To do. What is needed is the exact text of each line in the listing below from the one with "Another Age Productions website preview" up to and including the one with "Estnische Flagge in Kiel", and no pictures.

Exercise material.
========================

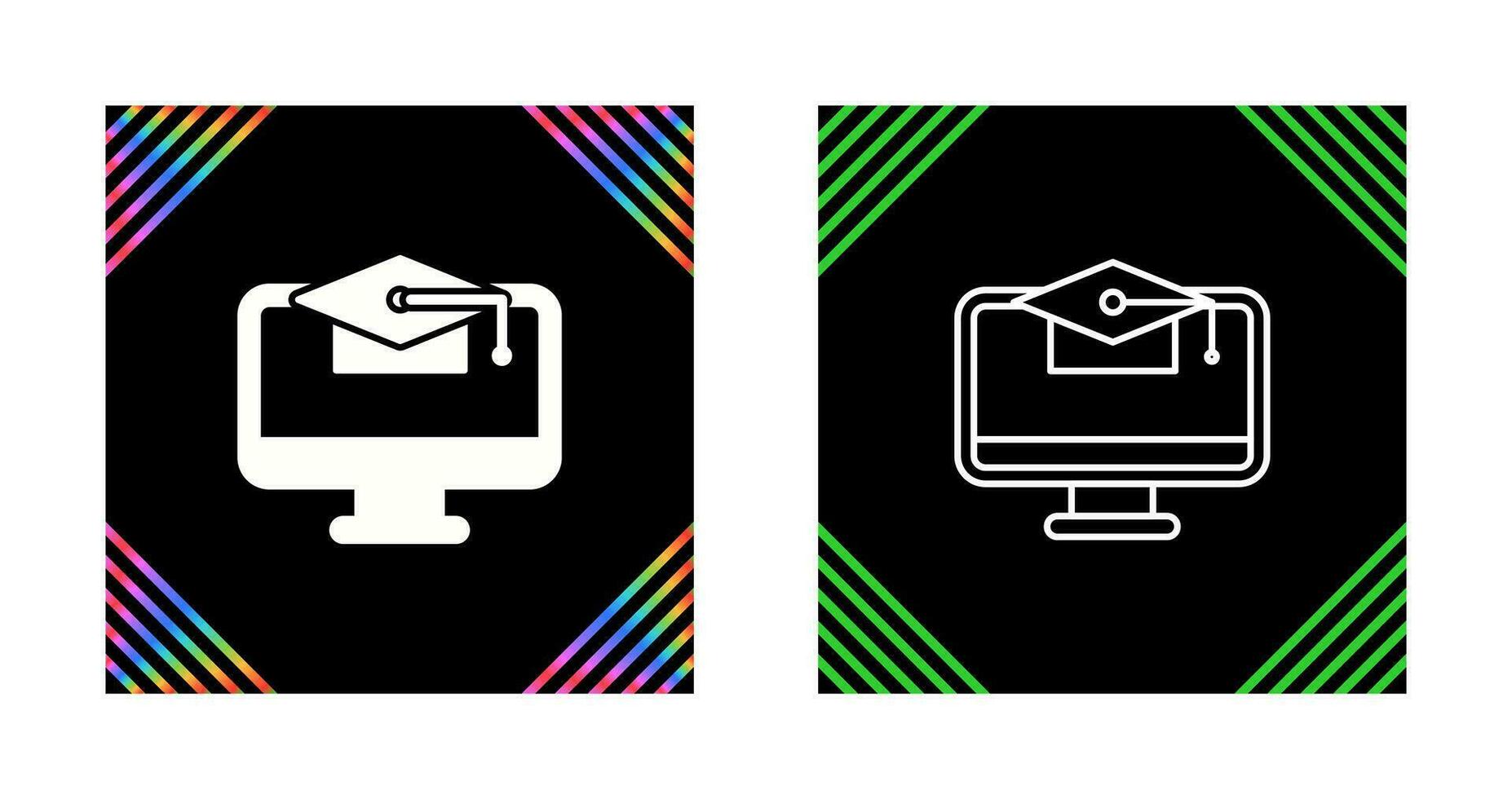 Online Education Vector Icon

========================

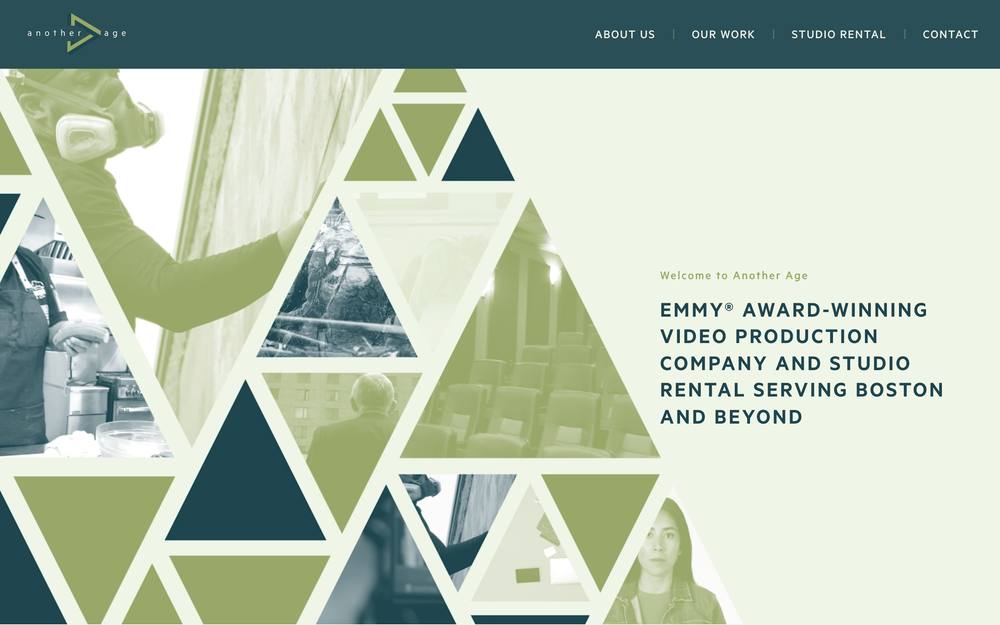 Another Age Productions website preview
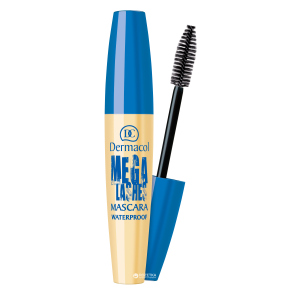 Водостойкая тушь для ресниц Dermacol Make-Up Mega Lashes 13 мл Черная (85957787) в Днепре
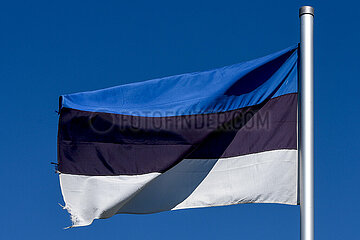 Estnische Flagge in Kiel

========================

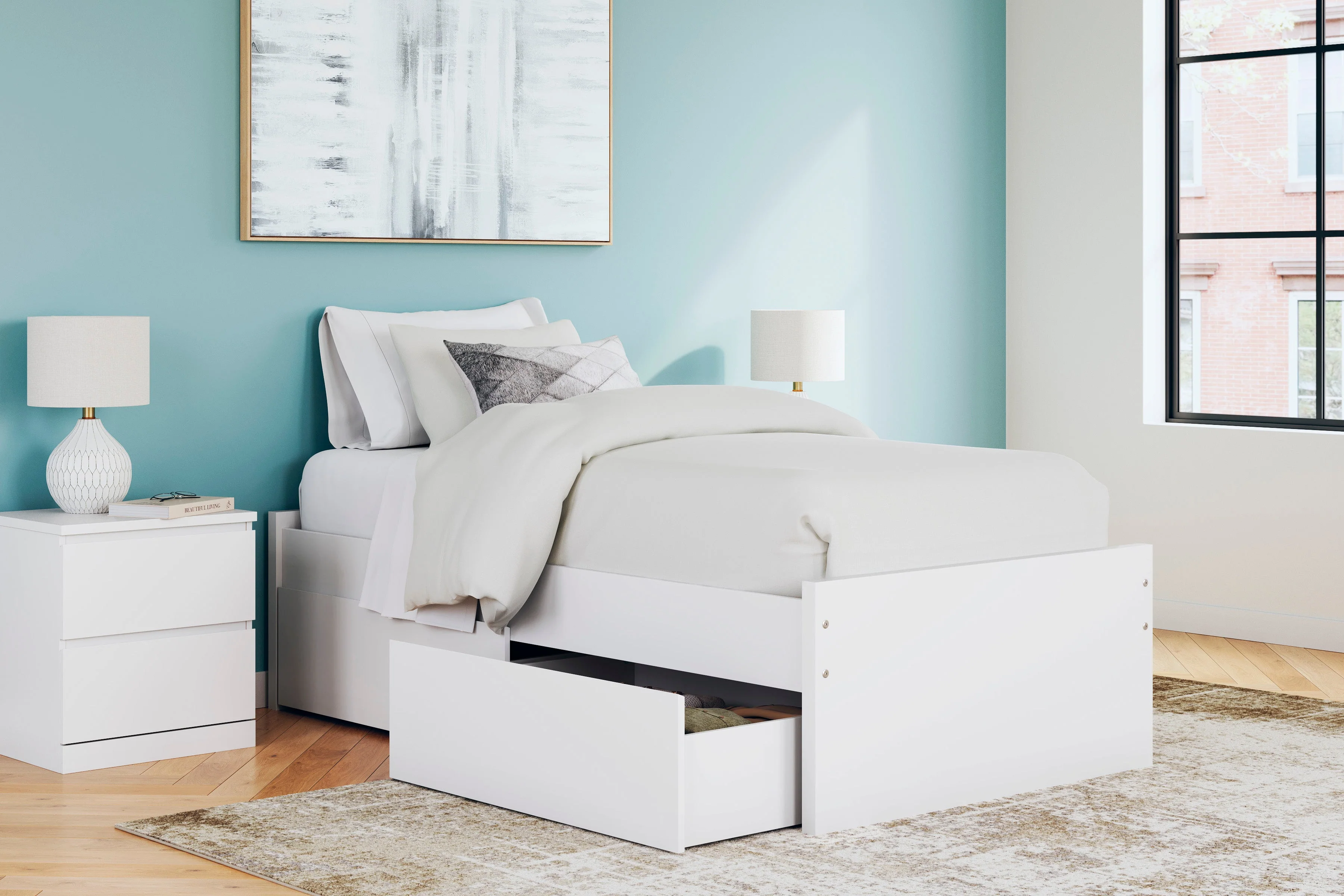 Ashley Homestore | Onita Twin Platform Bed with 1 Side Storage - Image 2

========================

Written response.
 Another Age Productions website preview
 Водостойкая тушь для ресниц Dermacol Make-Up Mega Lashes 13 мл Черная (85957787) в Днепре
 Estnische Flagge in Kiel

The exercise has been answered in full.